In mathematics, specifically convex geometry, the normal fan of a convex polytope P is a polyhedral fan that is dual to P. Normal fans have applications to polyhedral combinatorics, linear programming, tropical geometry, toric geometry and other areas of mathematics.

==Definition==
Given a convex polytope P in R^{n}, the normal fan N_{P} of P is a polyhedral fan in the dual space, (R^{n})* whose cones consist of the normal cone C_{F} to each face F of P,
$N_P = \{C_F\}_{F \in \operatorname{face}(P)}.$
Each normal cone C_{F} is defined as the set of linear functionals w such that the set of points x in P that maximize w(x) contains F,
$C_F = \{w \in (\mathbb{R}^n)^* \mid F \subseteq \operatorname{argmax}_{x \in P} w(x) \}.$

==Properties==
- N_{P} is a complete fan, meaning the union of its cones is the whole space, (R^{n})*.
- If F is a face of P of dimension d, then its normal cone C_{F} has dimension n – d. The normal cones to vertices of P are full dimensional.
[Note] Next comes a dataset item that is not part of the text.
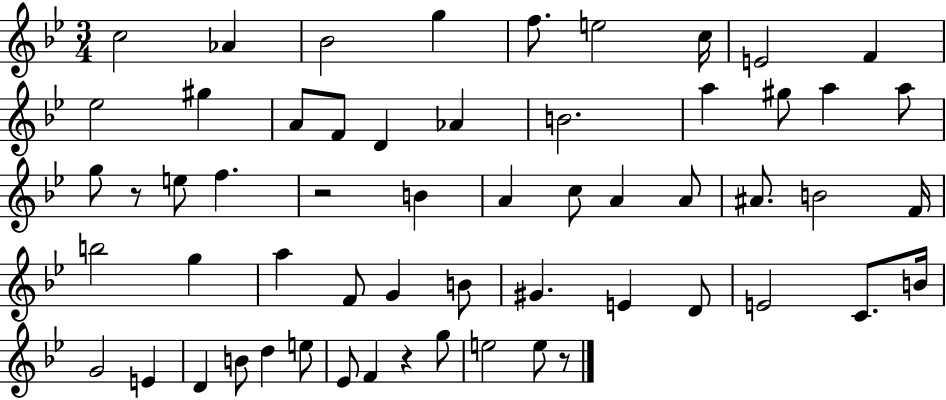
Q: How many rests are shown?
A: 4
If P has full dimension, the normal cones to the facets of P are the rays of N_{P} and the normal cone to P itself is C_{P} = {0}, the zero cone.
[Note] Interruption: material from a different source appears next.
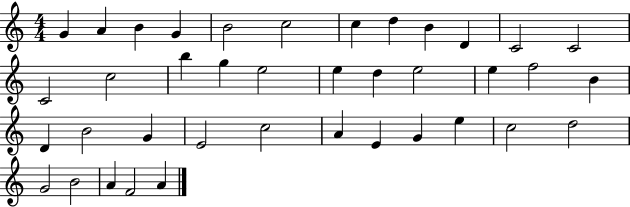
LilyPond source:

- The affine span of face F of P is orthogonal to the linear span of its normal cone, C_{F}.
- The correspondence between faces of P and cones of N_{P} reverses inclusion, meaning that for faces F and G of P,
$F \subseteq G \quad \Leftrightarrow \quad C_F \supseteq C_G.$
- Since N_{P} is a fan, the intersection of any two of its cones is also a cone in N_{P}. For faces F and G of P,
$C_F \cap C_G = C_H$
where H is the smallest face of P that contains both F and G.

==Applications==
- If polytope P is thought of as the feasible region of a linear program, the normal fan of P partitions the space of objective functions based on the solution set to the linear program defined by each. The linear program in which the goal is to maximize linear objective function w has solution set F if and only if w is in the relative interior of the cone C_{F}.
- If polytope P has the origin in its interior, then the normal fan of P can be constructed from the polar dual of P by taking the cone over each face of the dual polytope, P°.
- For f a polynomial in n variables with coefficients in C, the tropical hypersurface of f is supported on a subfan of the normal fan of the Newton polytope P of f. In particular, the tropical hypersurface is supported on the cones in N_{P} of dimension less than n.